> Directions: Leaving pictures out, repeat word for word the line that has "Nell'immagine si vedono" and each line that follows it to the end of the listing.

> Collected material:
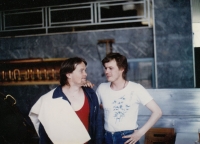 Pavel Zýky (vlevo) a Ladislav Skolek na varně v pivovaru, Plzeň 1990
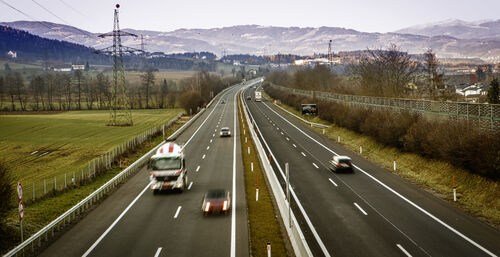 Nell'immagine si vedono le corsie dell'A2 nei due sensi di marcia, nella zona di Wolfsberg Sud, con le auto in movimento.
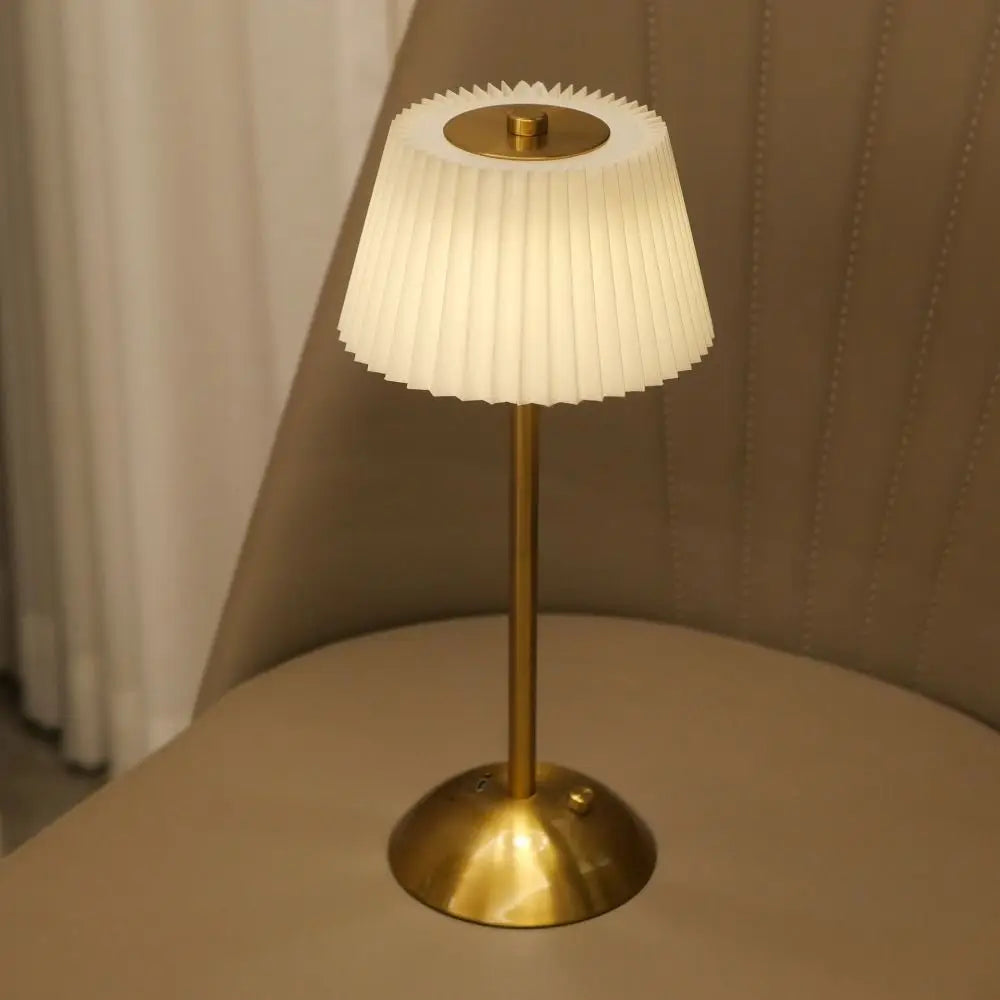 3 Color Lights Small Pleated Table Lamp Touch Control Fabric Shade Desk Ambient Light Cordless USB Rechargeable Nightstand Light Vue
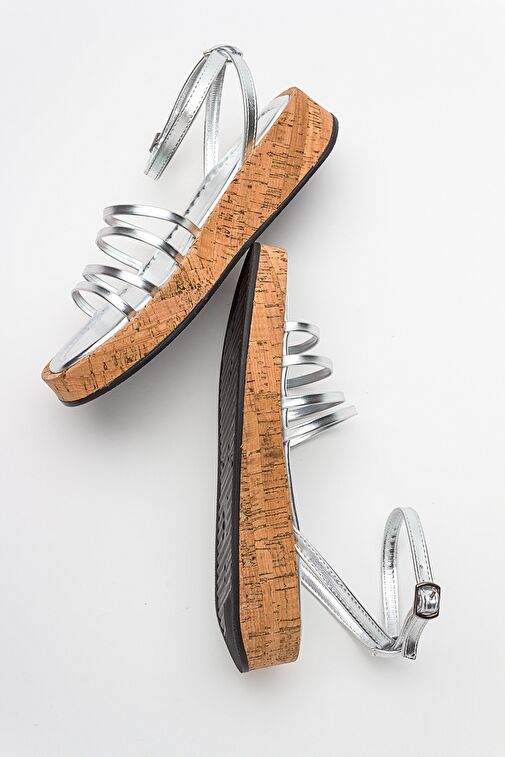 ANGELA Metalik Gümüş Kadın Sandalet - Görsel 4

> Response box:
 Nell'immagine si vedono le corsie dell'A2 nei due sensi di marcia, nella zona di Wolfsberg Sud, con le auto in movimento.
 3 Color Lights Small Pleated Table Lamp Touch Control Fabric Shade Desk Ambient Light Cordless USB Rechargeable Nightstand Light Vue
 ANGELA Metalik Gümüş Kadın Sandalet - Görsel 4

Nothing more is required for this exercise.